1. María, la Virgen
Desde siempre me ha
parecido la imagen viva del conformismo. Más allá de la aceptación del mandato
varonil, se ha visto como inmaculado icono electo por parte del Todopoderoso que
la quiso como madre de todos los creyentes que siguieron y siguen a su hijo. Y
en ello perdura. Y hacia su devoción se dirigen todas las advocaciones que su
nombre amplía en base a las prerrogativas que la Providencia le otorga. Sumisa,
como debe ser, según el dogma estipula, predica y promulga en eterna dilatación
temporal. De ella se espera que su pronta aparición saque del apuro al pastor apurado
que dormitaba perdido en una cueva perdida de una perdida comarca. De ella se
espera que sea capaz de aguantar el martirio que infrinjan las leyes a su único
hijo postulador de revoluciones no aceptadas ni ayer ni nunca. De ella se
esperan favores tras el recitado escueto de su salve que apenas se recuerda y
sin embargo se tiene en la recámara del apuro imprevisto. Tanto si se es
creyente como si no, a su primigenio nombre se le irán añadiendo los segundos
que hablen de páramos fértiles, vegas frondosas, amparos a débiles. Poco
importará si lo que se le exige entra dentro de lo razonable o no. Como madre
que es se le reclamará todo el auxilio sin recibir nada a cambio. En el mejor
de los casos, llegada su onomástica, se la vestirá de gala para rendirle
homenaje y con ello dar por cumplida la parte del contrato que a ella nos une. Del
modo que se verá envuelta en una algarada que posiblemente no le cuadre con su
sentir más íntimo y a la que no se atreverá a poner pegas. Verá como cada una
de las féminas que le copian el nombre lleva sobre su perfil la túnica que la
misma sociedad pretende aún sin ella pedirlo.
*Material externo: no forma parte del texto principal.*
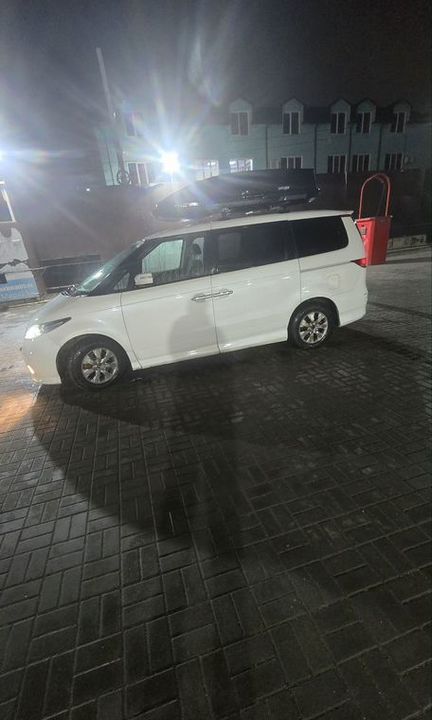 Honda Elysion I рестайлинг, 2006 год, 1 250 000 рублей, 1 фотография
Puede que sienta con ellas el mimetismo
de la solidaridad cuando vea cómo sufren por un hijo o cómo gozan con su
felicidad. Posiblemente siga preguntándose desde las andas procesionarias
cuánto tiempo ha de pasar todavía para que la equidad baje a pie de procesión y
allí se perpetúe. Mientras esas dudas permanecen, tras el sonido de las
cornetas y el redoble de los tambores, de su rostro bajará una lágrima encerada
hacia los siete puñales que le atraviesan el corazón año tras año. Será el momento
de elevar a duras penas la mirada hacia el enrejado balcón. Una saeta se le
hará cómplice y la misericordia como madre se fundirá con su manto.